The Late night talk show wars

I was watching David Letterman last night for about 15 minutes because Rachel Ray was on, and I wanted to see what she was all about, and I just can’t stand him. It just baffles me that 10 years ago our country was engaged in a debate over who should be the next Tonight Show host and our only two options were Jay Leno and David Letterman, because neither of those 2 are particularly good.

Jay Leno is a pretty good stand-up comic and seems like a genuinely nice guy but when you get down to it, he’s a poor conversationalist. In other words, he’s a boring guy to talk to and an even more boring guy to watch having a conversation. He asks the guests really obvious and boring questions like “how’s your marriage going?”, “how are your kids doing?”, “what do you like to do with your kids?”, “how do you like to spend Christmas/Thanksgiving/The 4th of July/[whatever holiday is coming up]?” He also asked a lot of people when the Olympics were on if they watched the Olympics and what events they liked and stuff (It’s kind of a promotional thing because NBC broadcasts the Olymnpics), which is funny because most of the guests talked excitedly about the Olympics with him, while I’ve heard a lot of celebrities (like Bryant Gumbel and Charles Barkley) speak out about how boring the Winter Olympics are. For the record, I personally like the Winter Olympics, but I’m getting off track.

I don’t really feel a need to attack Leno because, despite the fact that he apparently gets better ratings than Letterman, I’ve never met a single fan of Jay Leno. Theoretically, some people must be watching somewhere, but it doesn’t seem like criticizing Leno is doing anything more than preaching to the choir. Letterman, on the other hand, has a cult following of people who love him. Just turn on his show and you’ll see that the audience wildly applauds at anything he says that’s even a remote attempt at humor.

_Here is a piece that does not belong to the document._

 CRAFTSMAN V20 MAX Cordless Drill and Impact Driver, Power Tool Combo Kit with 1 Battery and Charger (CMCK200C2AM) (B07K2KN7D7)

They applaud twice as much as they actually laugh, which says a lot because laughing is a physiological reaction to something funny whereas clapping is something a brainwashed audience does. He also gets claps for things that aren’t funny, but are things he says that the audience agrees with. He might say “New York is a great city” or something and the audience goes off on. (I have that same problem with the Daily Show. Not so much John Stewart but the way audiences tend to hang on every word of his and clap and laugh too much). The problem is the difference between the actual number of funny things he does vs. the number of times they applaud or laugh. My theory is that he used to be funny, and that things like “Will it Float?” or “Is This Something” were at the time revolutionary. They’re both kind of funny once, but he hasn’t changed his act in years. Conan O’Brien does the same kind of acts like “Celebrity Signatures” or “New State quarters” but each new act gives us a new set of state quarters or signatures. That sums up Letterman as a whole: You know how sometimes a funny comedian tells a few jokes to warm up the crowd so that they’ll laugh at anything for later comedians? Letterman warmed up the crowd ten years ago and those people come back to watch him and laugh at what he does now, but for those of us who just turn on his show now and watch, there’s not much to watch. He’s also a poor conversationalist like Leno (slightly better, though) and he is often rude with and disinterested in his guests.

Conan O’Brien, on the other hand, does have the qualities that a talk show host should have and I think that most people my age know it, even if the demographics don’t reflect it. He is genuinely interested in his guests, self-aware, and he works for his laughs every night.